At this point, Ndemo still insists he wanted to be a man, a true son of his father.

Ndemo recalls that one day he was sleeping in the couch, called his wife and asked her to give him the remote which was just on the table, she looked at him, held her waist and asked if that was really why he called her.

“She refused to give me the remote and demanded that I take it by myself. Well, I swallowed my pride because no one had seen me anyway,” Ndemo narrates.

One day they went to visit a sick friend and to his surprise, he witnessed his old friend get to the room, take a jacket and put it on his wife.

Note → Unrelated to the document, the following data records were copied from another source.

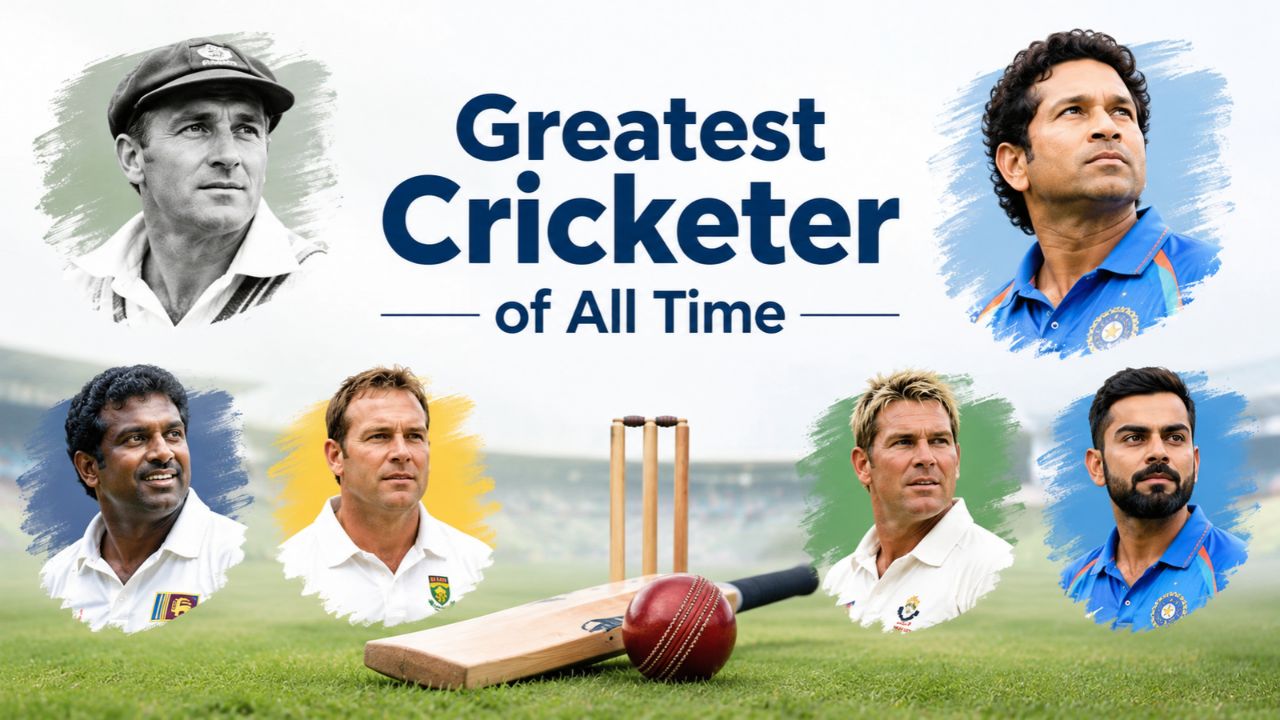 Greatest Cricketer of All Time 2026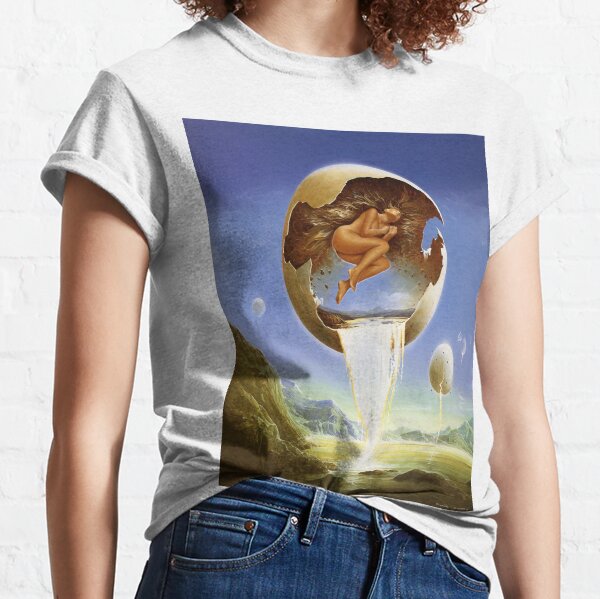 #SalvadorDali #EggPainting - Year of #Clean #Water - List of Creation Story Classic T-Shirt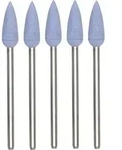 Silikonpolierer, Geschossform, 5 St&uuml;ck - 28288 - Proxxon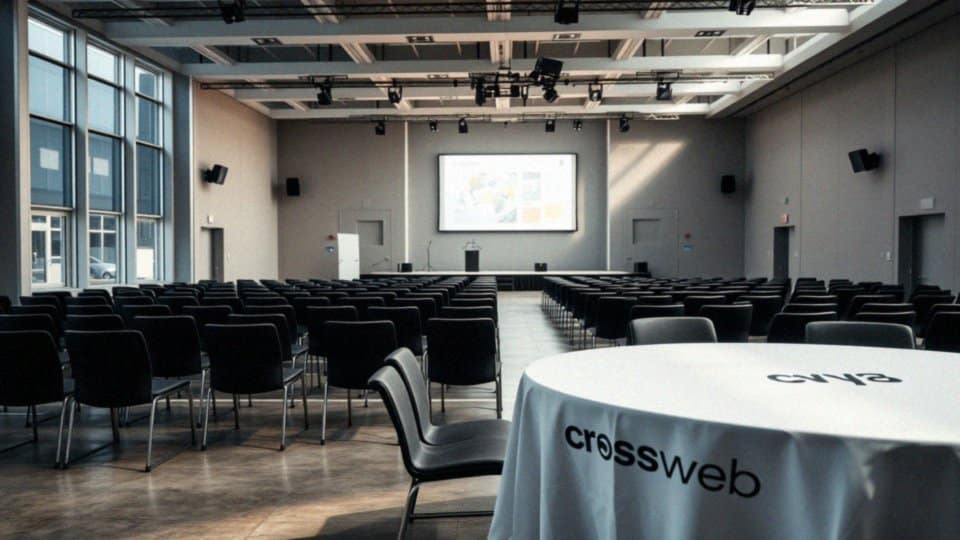 Jak Crossweb pełni rolę patrona dla konferencji technologicznych?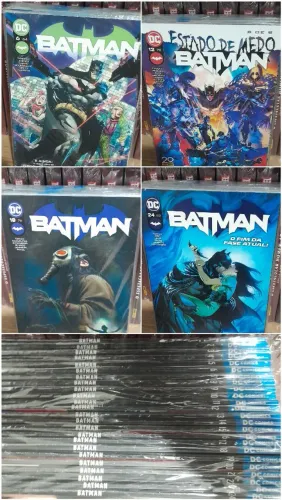 Coleção Hq Completa 4°Fase do 1 ao 24 DC Panini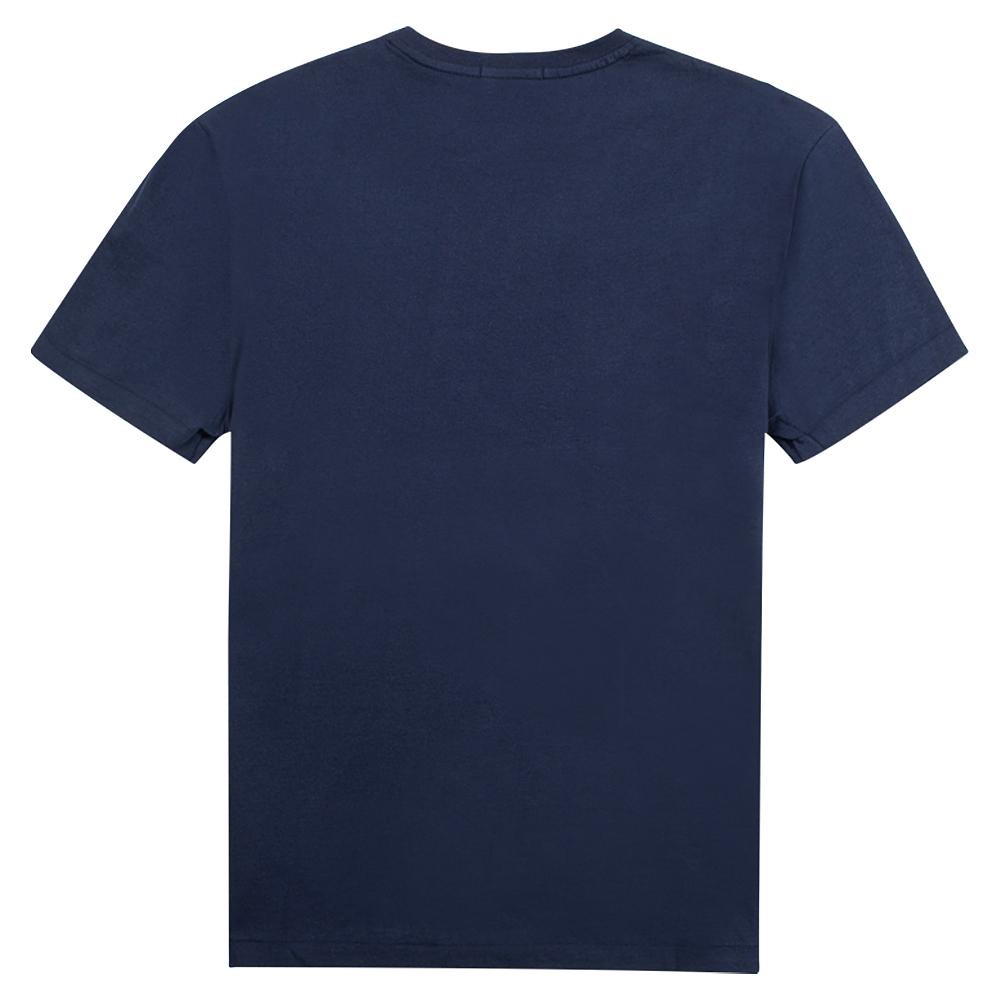 Newport T-Shirt | Navy product image 4, provided for visual reference and product detail review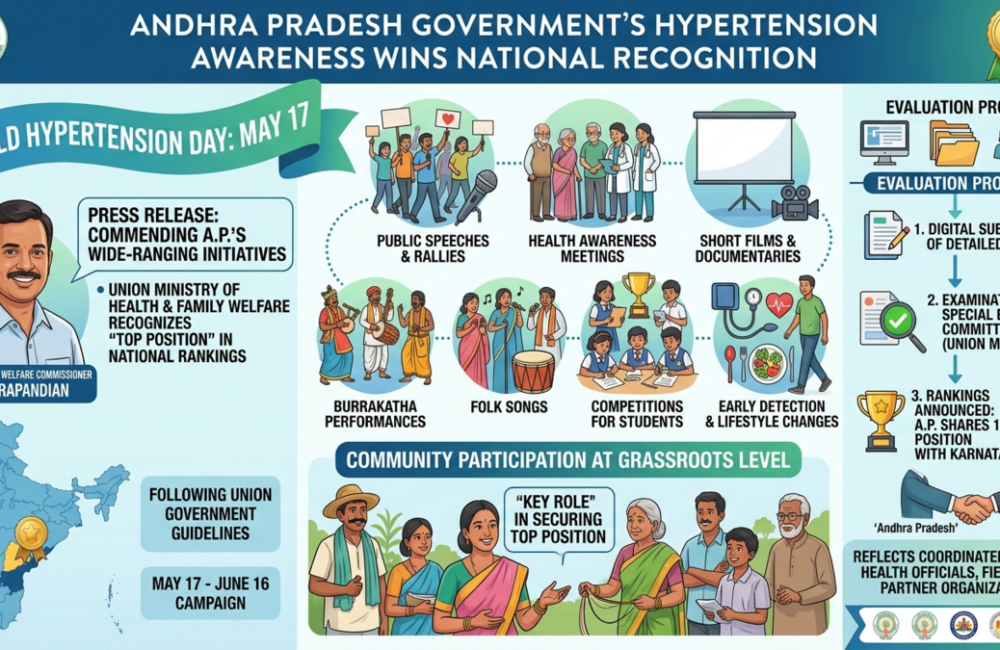AP tops nation in hypertension awareness drive
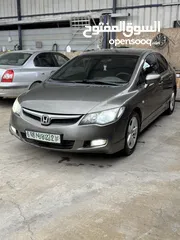  6 هوندا سيفيك 2008  الدفع فقط كااااش بدون شكااات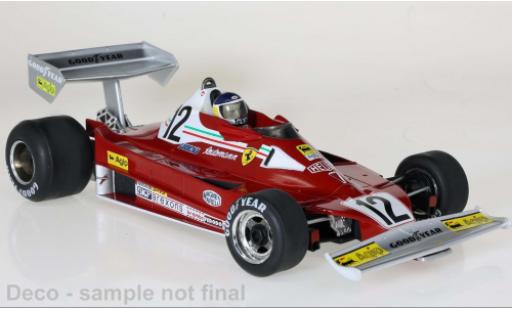 Modellautos Ferrari 312 1/18 MCG T2B No.12 Scuderia SpA SEFAC Formel 1 1977 C.Reutemann Ferrari 312 1/18 MCG T2B No.12 Scuderia SpA SEFAC Formel 1 1977 C.Reutemann modellautos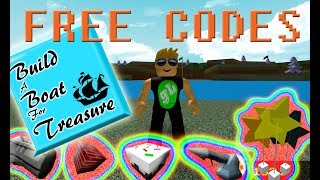 New Build A Boat For Treasure Code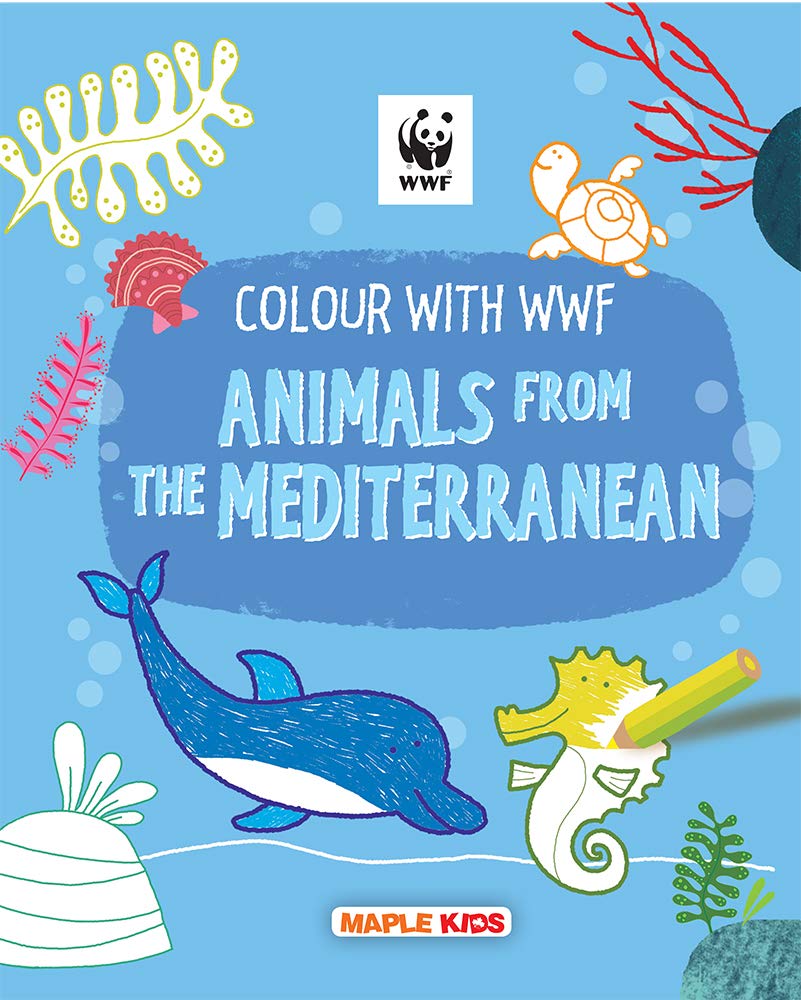 Colour With Wwf Animals From The Mediterranean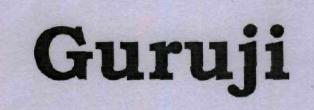 Guruji Device mark 2026899 Trademark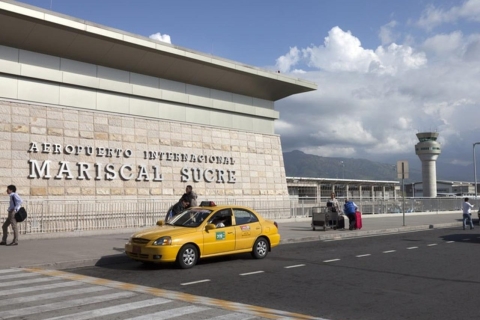 Wyjątkowy transfer z lotniska Mariscal Sucre do hotelu w QuitoWyjątkowy transfer z lotniska do hotelu w Quito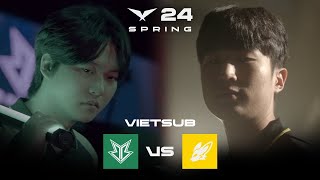 [VIETSUB] Trash Talk BRO vs FOX | LCK Mùa Xuân 2024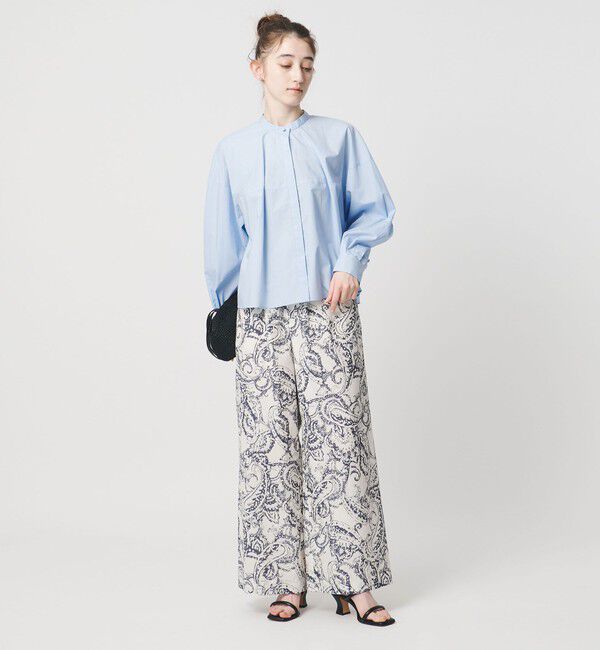 UNITED ARROWS「ボリュームフォルム シャツ」|シャツ・ブラウス|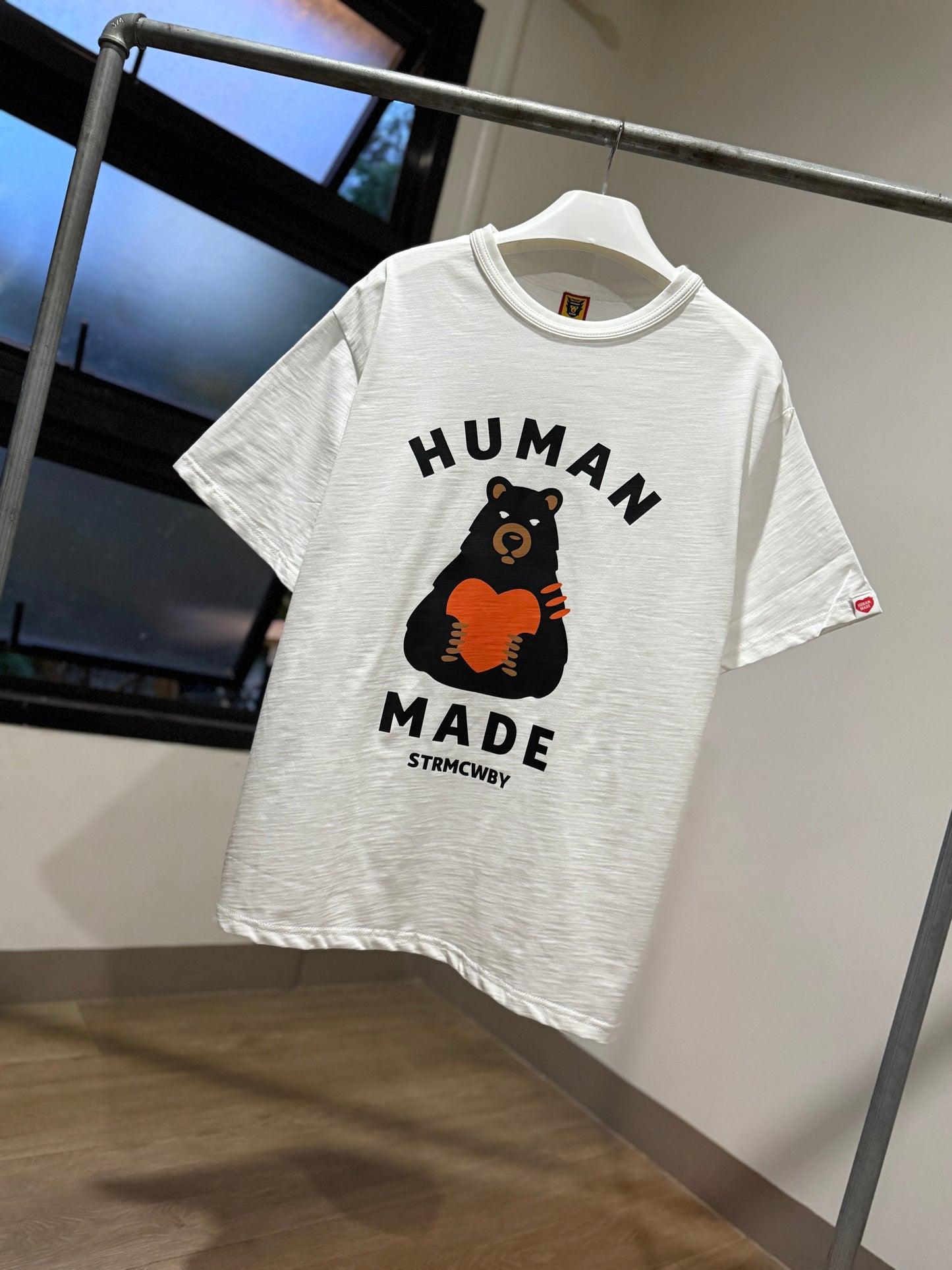 Human Made Graphic Tee (White)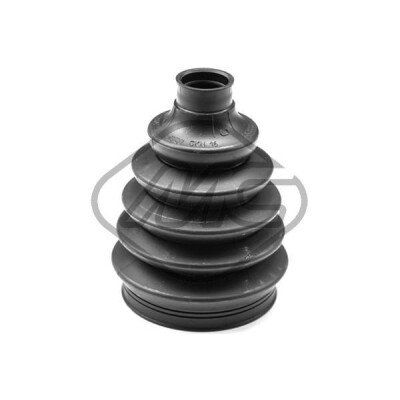 Jeu de soufflets, arbre de transmission METALCAUCHO 11141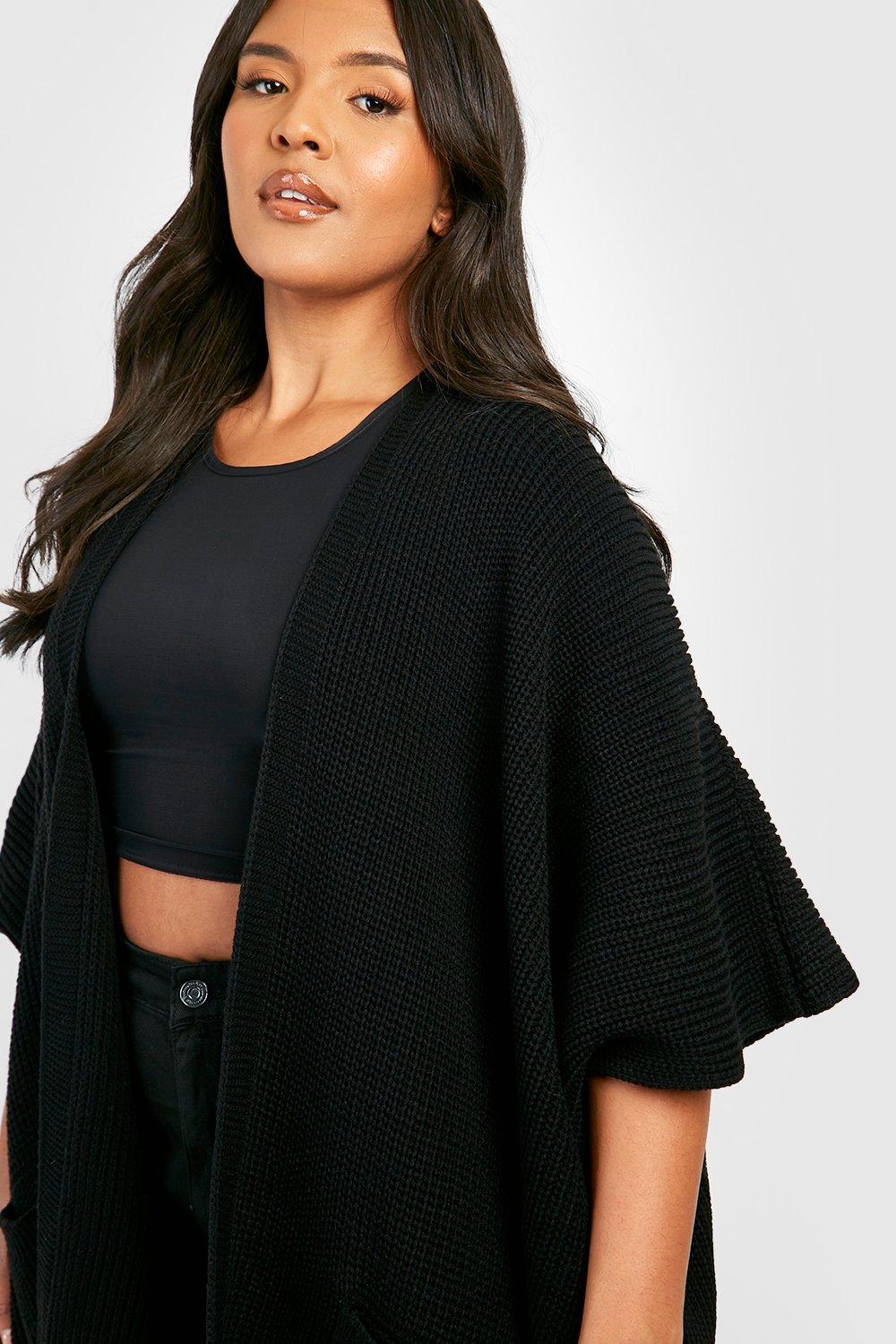 Oversized hot sale batwing cardigan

That he says changed his life to a new perspective of true love.

"I waited after two months and tried it on my wife and she was shocked, she thought I had gone mad but thanks to all that experience that has made me who I am today,” Ndemo says.

To him, he wanted to throw one more big surprise to her, which in their Kisii culture no man can dare do.

That was to kiss his wife in public. 30 years later, Ndemo says he is a happy husband.